This week’s AFRO Table brings the season full circle with stories, culture, and comfort food at the heart of Black holiday traditions. We begin with an AFRO News feature exploring Kwanzaa recipes, activities, and cultural meaning, followed by our in-depth look at Christmas and Holiday Food Traditions Throughout Black History and Culture, tracing how celebration, resilience, and creativity have shaped Black holiday tables across generations. This week’s Taste Maker, Shelley Chapman, invites us to rethink our relationship with food through a lens of nourishment and freedom, paired with her comforting and crowd-pleasing vegan mac and cheese recipe. Together, these stories celebrate food as heritage, healing, and joy, offering inspiration for meaningful meals all season long.



Christmas and Holiday Food Traditions Throughout Black History and Culture
Across Black history and the African diaspora, holiday food has never been just about celebration. It has been about survival, memory, ingenuity, and joy. From the kitchens of enslaved ancestors to present-day holiday tables filled with both tradition and reinvention, Christmas and holiday meals tell a powerful story of resilience and cultural continuity.
Food is where history gets passed hand to hand, spoon to spoon.
Roots in Enslavement and Emancipation
During slavery, celebrations were limited, but moments of communal gathering still found their way into food. Enslaved Africans were often given meager rations, yet they transformed what was available into nourishing and meaningful meals. Holiday cooking became an act of resistance and care.
Christmas, in particular, was one of the rare times enslaved people were sometimes allowed brief rest or gatherings. Dishes like slow-cooked greens, stews, cornbread, and roasted meats were prepared collectively, turning scarcity into sustenance. These meals carried African culinary traditions forward, even under brutal conditions.
After emancipation, Christmas meals became symbols of dignity and self-determination. Families cooked what had once been denied to them, reclaiming both the table and the moment.

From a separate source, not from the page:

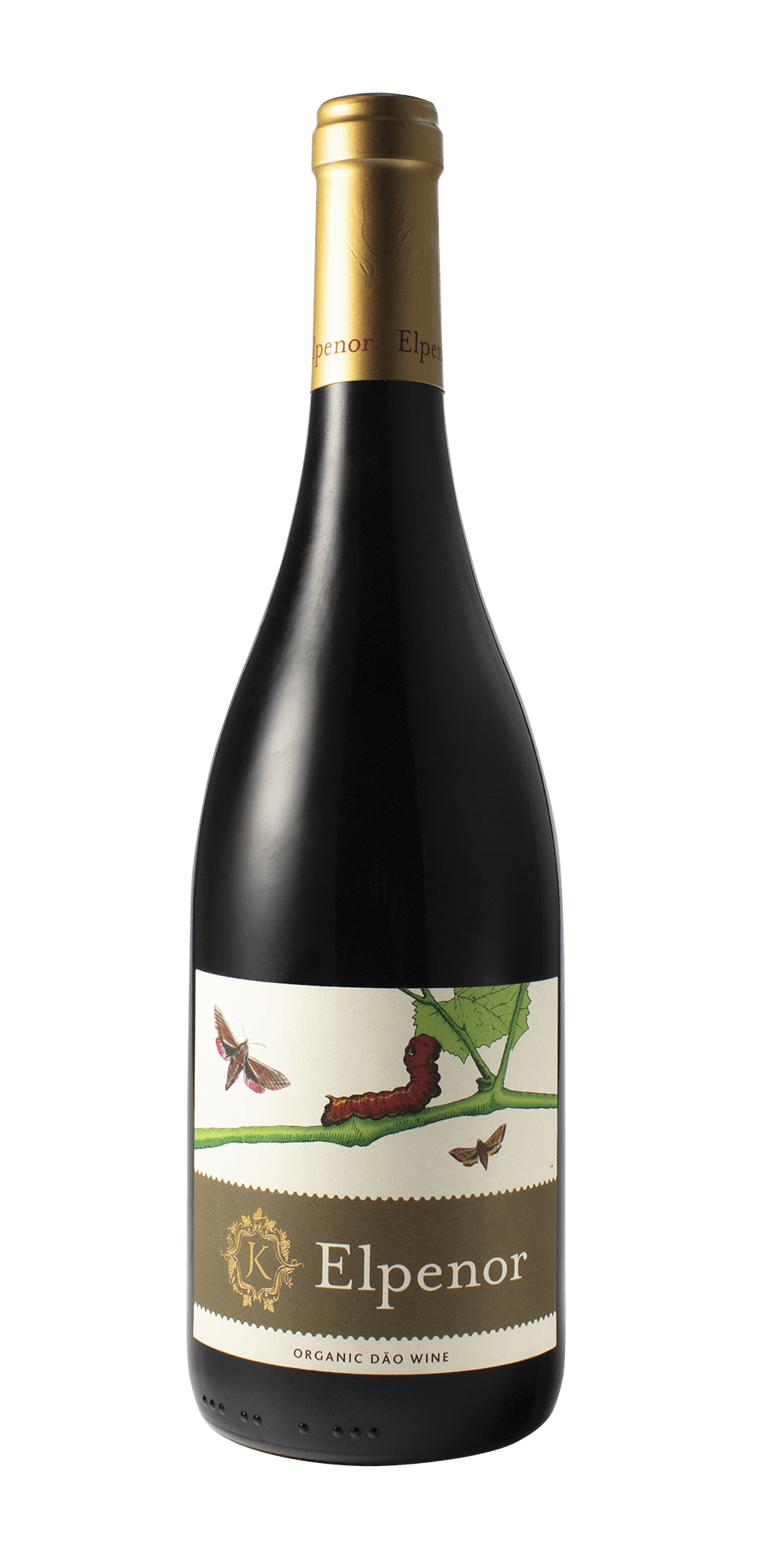 Elpenor Biodinamico Tinto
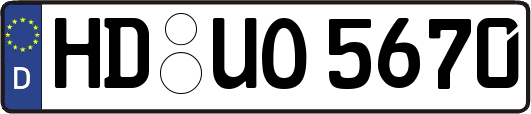 HD-UO5670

The Rise of Soul Food as Holiday Centerpiece
By the late 19th and early 20th centuries, what we now call soul food became deeply tied to Black holiday celebrations. Recipes were rooted in African cooking techniques, Indigenous ingredients, and Southern agricultural traditions.
Holiday tables commonly featured roasted turkey or ham, candied yams, collard or mustard greens, macaroni and cheese, black-eyed peas, and cornbread dressing. Desserts like sweet potato pie and pound cake became sacred seasonal staples.
These foods were not only delicious; they were declarations. Cooking for holidays affirmed family bonds, cultural pride, and the importance of gathering, even in a society that often denied Black people space to celebrate freely.


Migration, Memory, and Adaptation
As Black families migrated from the South to Northern and Western cities during the Great Migration, holiday food traditions traveled with them. Southern recipes adapted to new regions, kitchens, and ingredients.
In Chicago, Detroit, New York, and Los Angeles, holiday menus blended Southern roots with local influences. Caribbean Black communities brought dishes like jerk turkey, rice and peas, sorrel, and rum cake to Christmas celebrations. West African traditions showed up through jollof rice, peanut stews, fried plantains, and spice-rich sauces during holiday gatherings.
The result was not replacement but expansion. Black holiday food became a global conversation, shaped by migration and shared heritage.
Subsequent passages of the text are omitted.